What you give back must match the data exactly, minus the pictures.
•••••
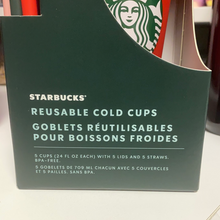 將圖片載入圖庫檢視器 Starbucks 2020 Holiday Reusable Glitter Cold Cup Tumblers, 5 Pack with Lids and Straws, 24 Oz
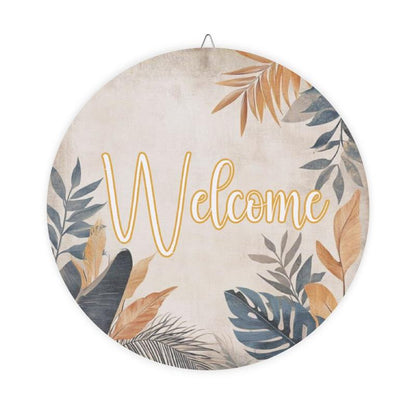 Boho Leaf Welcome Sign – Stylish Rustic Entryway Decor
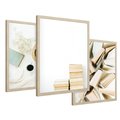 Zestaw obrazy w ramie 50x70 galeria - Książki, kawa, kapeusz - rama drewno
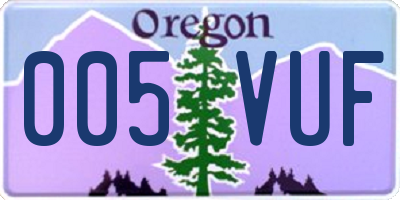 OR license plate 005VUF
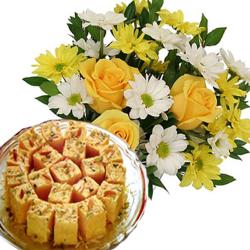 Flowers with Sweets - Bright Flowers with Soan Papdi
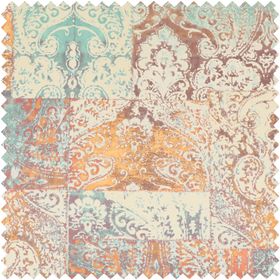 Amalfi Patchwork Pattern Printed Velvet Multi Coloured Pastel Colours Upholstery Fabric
•••••
▸ Answer area:
 將圖片載入圖庫檢視器 Starbucks 2020 Holiday Reusable Glitter Cold Cup Tumblers, 5 Pack with Lids and Straws, 24 Oz
 Boho Leaf Welcome Sign – Stylish Rustic Entryway Decor
 Zestaw obrazy w ramie 50x70 galeria - Książki, kawa, kapeusz - rama drewno
 OR license plate 005VUF
 Flowers with Sweets - Bright Flowers with Soan Papdi
 Amalfi Patchwork Pattern Printed Velvet Multi Coloured Pastel Colours Upholstery Fabric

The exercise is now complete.